* DIRECTIONS FOR THIS TASK
Every line from the one containing "PC8407 Stancor Power" to the end of the records below must be copied exactly, and no pictures may be included.

* GIVEN ENTRIES
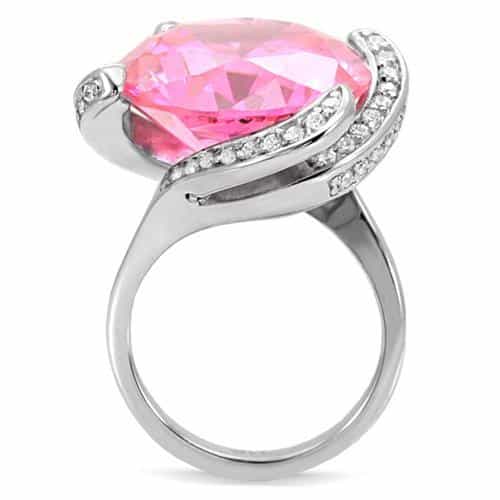 Stainless Steel Pink CZ Oversized Oval Pave Accent Ring view 9
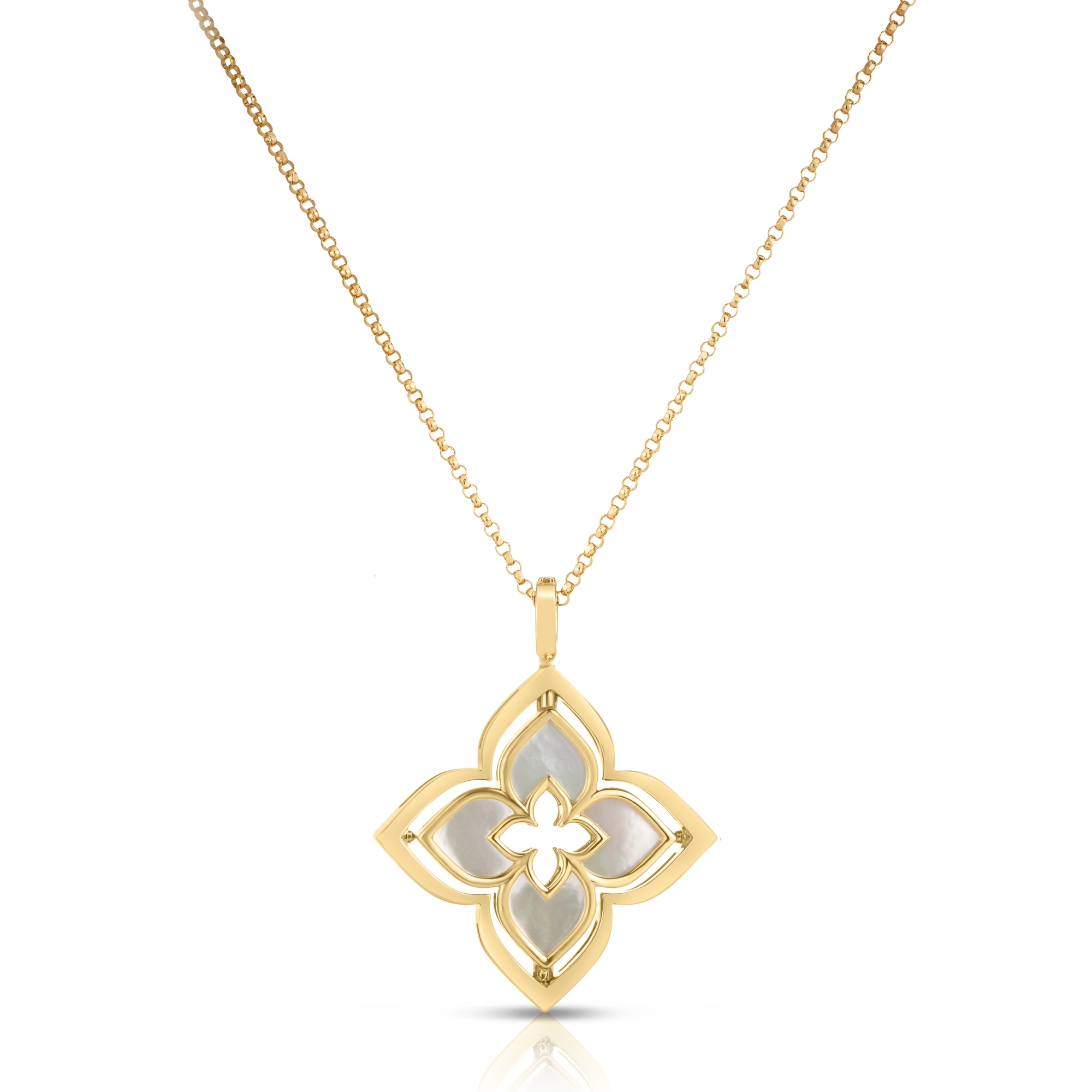 18k Yellow Gold Venetian Princess Pirouette Diamond & Mother Of Pearl Flower Necklace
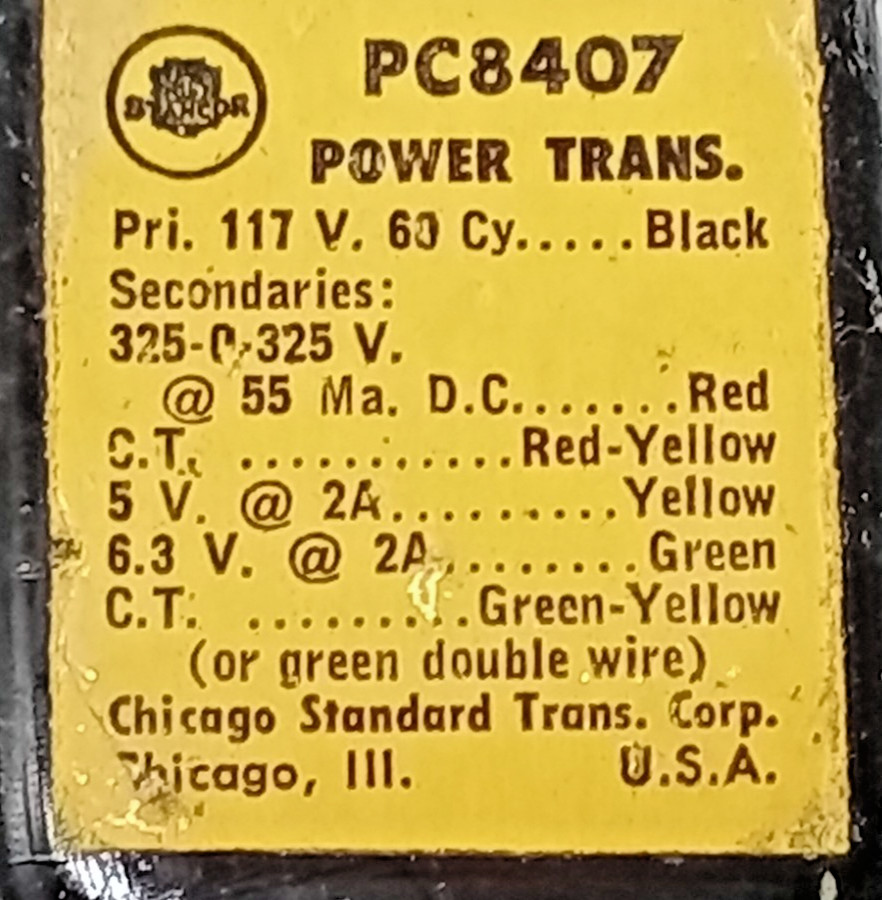 PC8407 Stancor Power Transformer 325 – 0 – 325 – 55 Ma / 6.3V + 5.0V @ 2.0A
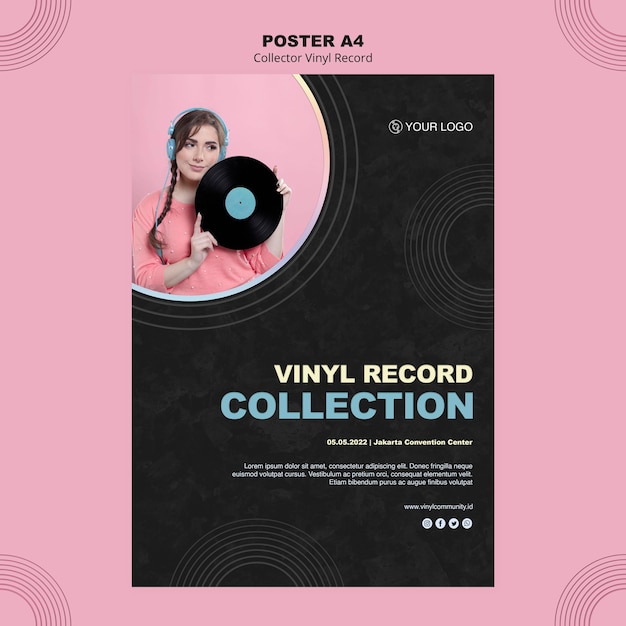 Vinyl Record Poster Template for Free Download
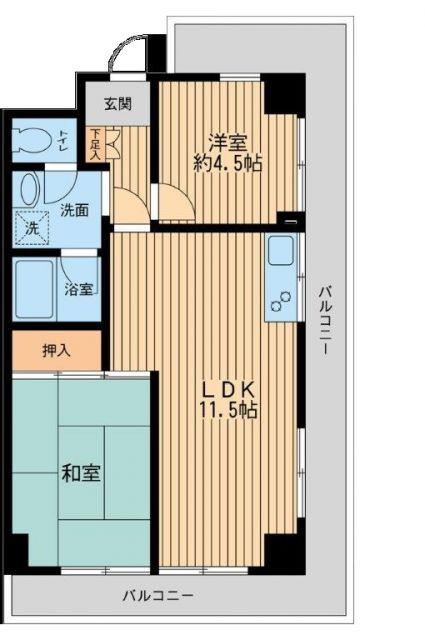 入間市駅前ビル(2LDK/4階)の間取り写真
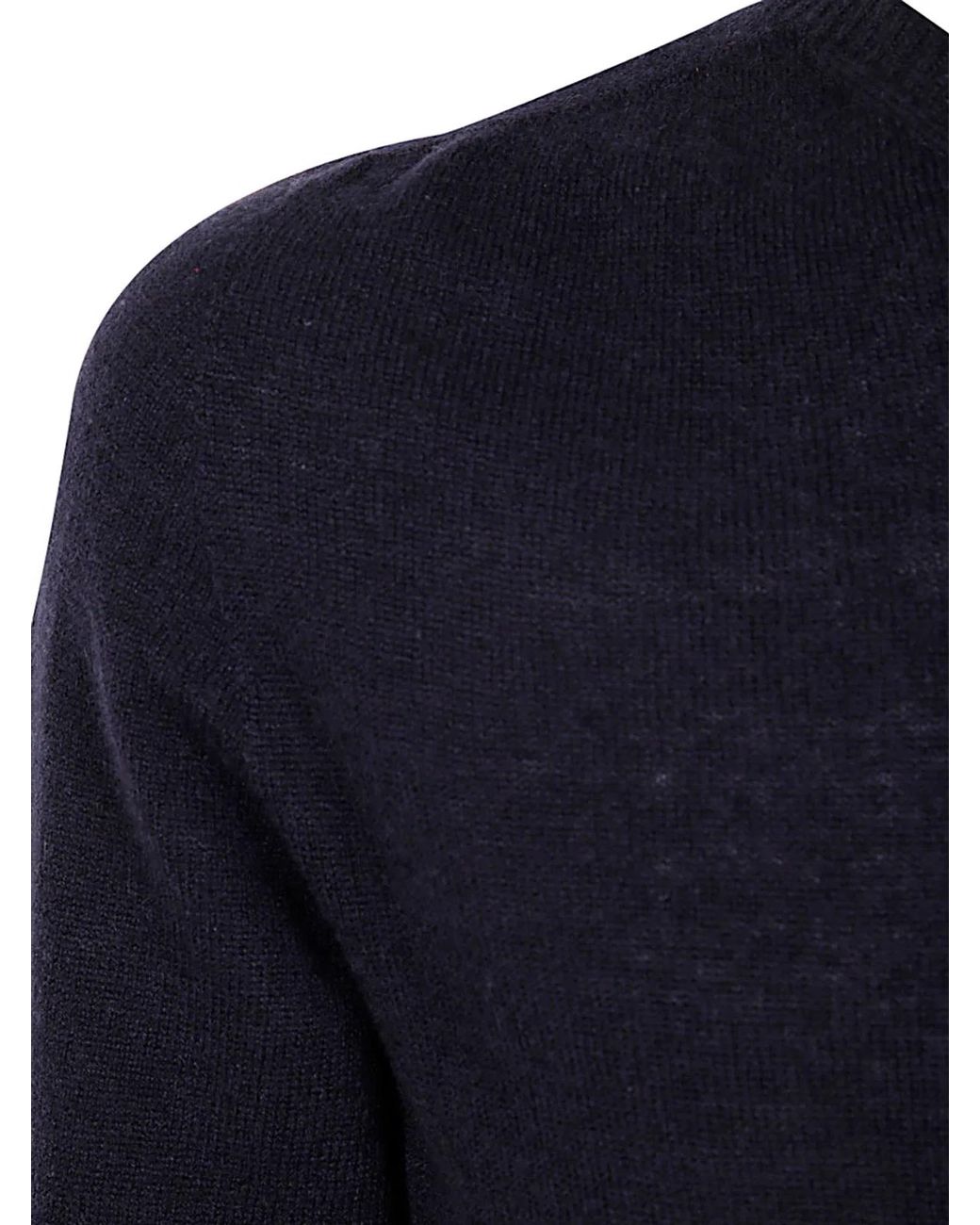 MD75 Blue Round Neck Cashmere Sweater for men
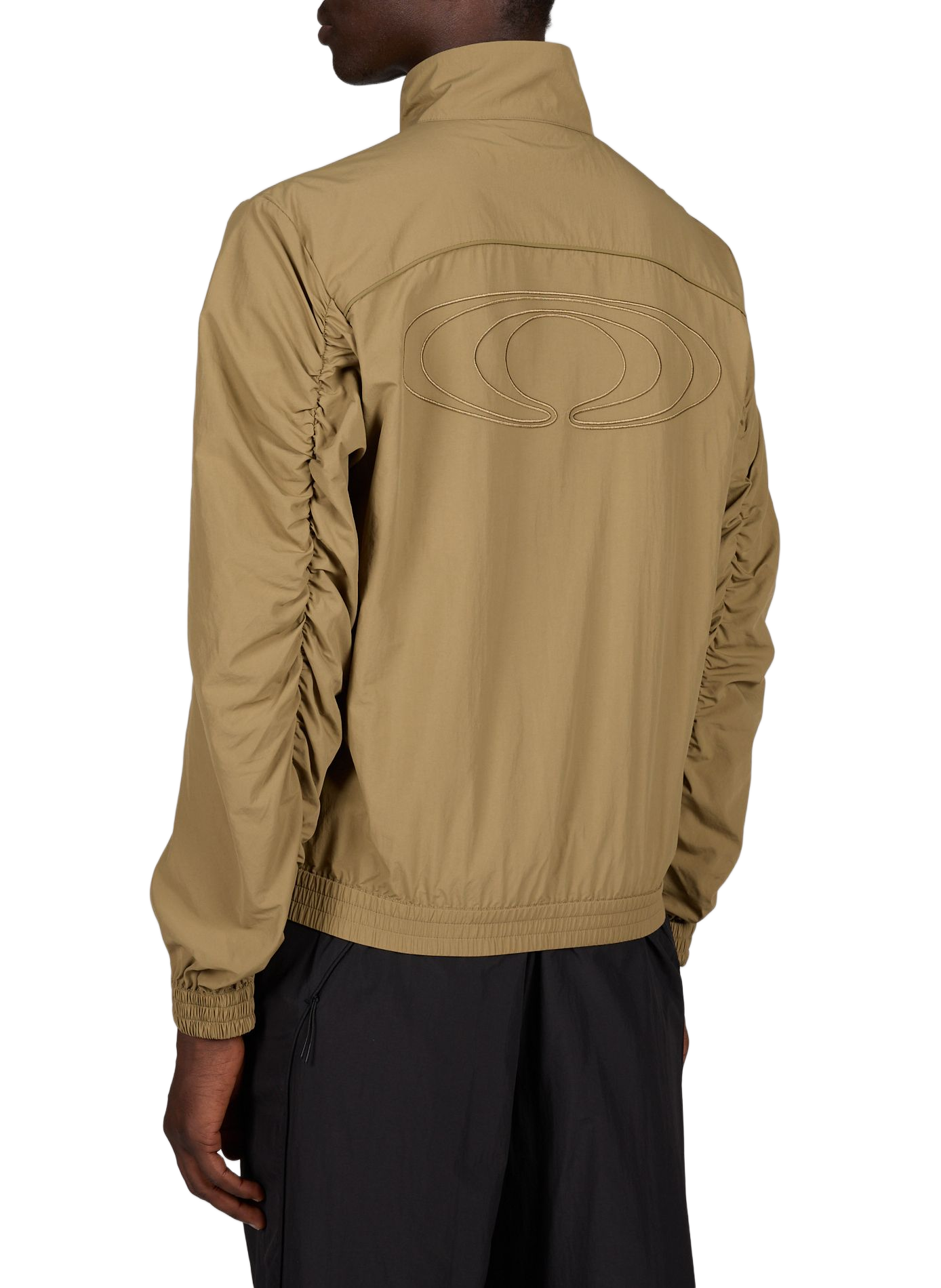 Fitted jacket with high collar and zipper RAINS Green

* WRITTEN REPLY
 PC8407 Stancor Power Transformer 325 – 0 – 325 – 55 Ma / 6.3V + 5.0V @ 2.0A
 Vinyl Record Poster Template for Free Download
 入間市駅前ビル(2LDK/4階)の間取り写真
 MD75 Blue Round Neck Cashmere Sweater for men
 Fitted jacket with high collar and zipper RAINS Green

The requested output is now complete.